Readings of Why Machines Learn (Part 3)

Who define the belonging in machines?
Book
Reflection
Series
Author

Hanxi

Published

November 8, 2025

That’s the caveman intuition: If they look alike, they probably are alike.

Who decides what “similar” means?

In the previous chapters, the author focused on how machines learn by moving through a loss landscape. We talked about bowls, gradients, and how a model slowly slides toward a point where the error is minimized.
That story was mainly about how well a machine learns.

Chapter 5 shifts the question in a subtle but important way. Instead of asking whether a model has reached the right answer, the book begins to ask how a machine decides which things belong together in the first place. Learning is about defining who counts as “close” to whom by specific learning methods like nearest neighbors and Voronoi diagrams.

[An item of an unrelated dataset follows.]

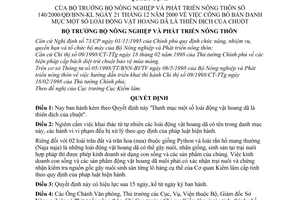 Quyết định 140/2000/QĐ/BNN-KL danh mục loài động vật hoang dã là thiên địch của chuột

The main use here, as author said, is that when we encounter a new and never-seen vector as a point in a high-dimensional space, we look at its neighbors base on the assumption that close points in space are more similar to each other. For example, if I casually write down a digit and project it into a 63-dimensional space, and the nearest labeled points are mostly “2”, then this new point is likely to be a “2” as well.
If its closest neighbors are “8”, then it is probably an “8”.

By these ways, we are no longer limited to simple visual similarity in low dimensions but can map any infomation into a vector in higher space. But this also raises a deeper question for me:

How, and under what assumptions, can we turn more complex things into points in a high-dimensional space in the first place?

Why matrices have the right to rearrange reality?

Chapter 6 answers my question in a very specific way. Instead of introducing matrices as dry tables of numbers, the author presents them as tools that can rotate, stretch, compress, and project an entire dataset. In this chapter, everything in the world becomes a long vector, with each dimension encoding a measurable feature. Since vectors can be rotated, compressed, or projected onto new axes by matrices (which can be thought of here as a stacked and extended version of vectors), we can, to some extent, rearrange reality through them.

In this chapter, the author introduces a method called principal component analysis (PCA), based on eigenvectors. PCA focuses on the dimensions along which the variation is largest and uses them as the main axes of the space. Visually, it is like turning a messy cloud of points until its structure suddenly makes sense, or begins to follow a specific direction, while the remaining variation is pushed into the background. In this way, once the data is transformed, nearest neighbors are no longer determined by raw features, but by how those features survive the transformation. In this reshaped space, who ends up close to you depends entirely on what your vector looks like after the space itself has been reconfigured.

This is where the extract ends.